Marriage has been on my mind of late. Not so much because of the ongoing legal controversies (one involving a wedding photographer in New Mexico, another a florist in Washington State, and still another a baker in Colorado) but rather because my brother Mark was married Saturday, and I officiated the ceremony.
Though deeply moved by his desire for me to conduct the service, it also humbled me. I have a lofty view of marriage, perhaps too lofty for the Age in which I dwell. Marriage, for me, is a relationship that spans a lifetime — something not entered into (or departed from) without the more extenuating of circumstances. However, with each bend in the turn made by our culture (and every legal precedent) I find those of my perspective becoming “on the wrong side of history.”
A dear friend and colleague of mine named Robert often rails against what he terms as “a broadside against the sanctity of marriage” by gay marriage advocates. With his permission and blessing I mention that Robert has been thrice divorced and currently lives with his “common-law wife” but he has no plans to re-marry at any point in the future.

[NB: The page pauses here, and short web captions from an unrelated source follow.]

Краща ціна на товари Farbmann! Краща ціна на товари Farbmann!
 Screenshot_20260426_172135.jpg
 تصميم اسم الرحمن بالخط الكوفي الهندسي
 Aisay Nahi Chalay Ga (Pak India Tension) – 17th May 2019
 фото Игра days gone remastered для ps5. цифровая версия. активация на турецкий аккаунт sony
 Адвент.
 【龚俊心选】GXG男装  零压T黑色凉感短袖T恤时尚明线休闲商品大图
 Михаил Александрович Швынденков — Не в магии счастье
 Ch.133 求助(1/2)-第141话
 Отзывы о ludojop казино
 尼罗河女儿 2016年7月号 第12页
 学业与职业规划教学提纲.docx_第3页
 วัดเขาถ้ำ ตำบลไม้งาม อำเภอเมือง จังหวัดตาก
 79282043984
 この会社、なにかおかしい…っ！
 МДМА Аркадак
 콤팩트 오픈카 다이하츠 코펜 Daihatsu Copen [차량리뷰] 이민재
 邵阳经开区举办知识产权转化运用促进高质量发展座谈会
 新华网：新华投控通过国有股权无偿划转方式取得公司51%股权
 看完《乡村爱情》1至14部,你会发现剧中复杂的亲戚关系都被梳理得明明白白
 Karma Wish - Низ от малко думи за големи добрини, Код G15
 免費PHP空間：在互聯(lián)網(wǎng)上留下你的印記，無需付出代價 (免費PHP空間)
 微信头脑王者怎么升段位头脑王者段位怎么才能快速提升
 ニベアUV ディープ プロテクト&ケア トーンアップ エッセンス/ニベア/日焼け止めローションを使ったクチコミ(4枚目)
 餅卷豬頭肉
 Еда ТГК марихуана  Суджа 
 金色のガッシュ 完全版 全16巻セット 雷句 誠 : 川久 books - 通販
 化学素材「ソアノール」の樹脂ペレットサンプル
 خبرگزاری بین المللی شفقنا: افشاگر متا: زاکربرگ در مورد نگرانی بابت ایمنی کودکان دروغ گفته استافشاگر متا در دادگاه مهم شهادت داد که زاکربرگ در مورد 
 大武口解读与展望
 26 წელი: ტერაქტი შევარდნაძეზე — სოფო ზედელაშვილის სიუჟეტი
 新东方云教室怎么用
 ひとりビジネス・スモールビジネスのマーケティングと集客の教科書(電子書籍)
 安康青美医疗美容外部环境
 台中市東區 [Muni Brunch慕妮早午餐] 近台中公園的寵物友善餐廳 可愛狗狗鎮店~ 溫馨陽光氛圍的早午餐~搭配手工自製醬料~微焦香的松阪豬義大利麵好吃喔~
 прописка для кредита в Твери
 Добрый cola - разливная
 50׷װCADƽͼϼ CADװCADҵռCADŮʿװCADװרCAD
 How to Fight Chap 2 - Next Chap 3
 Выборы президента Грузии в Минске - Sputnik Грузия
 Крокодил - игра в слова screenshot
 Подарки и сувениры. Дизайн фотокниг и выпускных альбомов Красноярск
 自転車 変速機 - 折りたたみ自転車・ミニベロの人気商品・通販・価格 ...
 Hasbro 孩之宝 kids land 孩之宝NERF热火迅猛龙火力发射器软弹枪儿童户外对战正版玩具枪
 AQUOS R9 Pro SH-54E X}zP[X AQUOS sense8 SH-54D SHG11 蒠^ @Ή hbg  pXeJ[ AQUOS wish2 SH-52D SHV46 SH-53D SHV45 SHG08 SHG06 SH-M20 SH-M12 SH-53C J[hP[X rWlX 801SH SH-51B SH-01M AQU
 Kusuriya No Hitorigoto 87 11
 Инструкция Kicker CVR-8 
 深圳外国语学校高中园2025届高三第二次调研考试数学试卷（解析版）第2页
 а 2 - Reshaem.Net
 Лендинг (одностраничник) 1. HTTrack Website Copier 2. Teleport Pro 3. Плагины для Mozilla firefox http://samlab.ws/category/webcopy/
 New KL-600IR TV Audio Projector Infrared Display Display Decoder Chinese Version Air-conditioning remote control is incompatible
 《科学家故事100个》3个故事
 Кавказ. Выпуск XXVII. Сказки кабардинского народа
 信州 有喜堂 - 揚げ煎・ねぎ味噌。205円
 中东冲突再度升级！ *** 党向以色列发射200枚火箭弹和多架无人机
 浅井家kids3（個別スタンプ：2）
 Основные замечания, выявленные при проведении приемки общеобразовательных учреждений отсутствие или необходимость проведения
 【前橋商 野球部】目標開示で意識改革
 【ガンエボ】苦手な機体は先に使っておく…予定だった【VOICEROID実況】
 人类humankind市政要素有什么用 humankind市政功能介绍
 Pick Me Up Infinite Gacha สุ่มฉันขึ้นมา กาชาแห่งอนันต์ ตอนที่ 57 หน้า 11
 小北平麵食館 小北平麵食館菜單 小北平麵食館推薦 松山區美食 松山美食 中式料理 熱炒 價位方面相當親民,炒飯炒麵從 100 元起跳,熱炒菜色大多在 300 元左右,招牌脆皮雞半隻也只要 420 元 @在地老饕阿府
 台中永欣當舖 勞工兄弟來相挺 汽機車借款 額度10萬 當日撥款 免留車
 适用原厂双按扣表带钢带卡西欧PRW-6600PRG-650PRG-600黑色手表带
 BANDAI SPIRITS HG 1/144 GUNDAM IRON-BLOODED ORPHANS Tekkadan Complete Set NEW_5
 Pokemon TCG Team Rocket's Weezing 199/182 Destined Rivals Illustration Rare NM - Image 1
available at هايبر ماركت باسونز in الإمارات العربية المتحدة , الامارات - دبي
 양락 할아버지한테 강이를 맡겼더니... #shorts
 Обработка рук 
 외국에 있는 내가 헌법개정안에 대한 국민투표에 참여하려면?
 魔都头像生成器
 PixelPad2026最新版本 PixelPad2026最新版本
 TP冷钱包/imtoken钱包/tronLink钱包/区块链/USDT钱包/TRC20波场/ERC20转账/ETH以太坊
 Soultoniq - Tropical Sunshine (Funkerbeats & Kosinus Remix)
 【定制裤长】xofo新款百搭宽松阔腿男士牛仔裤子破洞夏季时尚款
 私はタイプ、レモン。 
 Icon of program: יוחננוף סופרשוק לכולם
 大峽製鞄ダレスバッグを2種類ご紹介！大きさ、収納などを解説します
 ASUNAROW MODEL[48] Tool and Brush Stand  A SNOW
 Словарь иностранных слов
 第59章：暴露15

What’s more, Robert is a professing Christian and a deacon in his church.
So what exactly is the sanctity of marriage?
I don’t bring this up to pick on my friend (or any others like him) but the question must be asked. From what position of moral authority do you or I or anyone claim to speak of the sanctity of marriage? Why should people of faith expect those hostile (or even indifferent) to marriage to treat like the sacrament it is?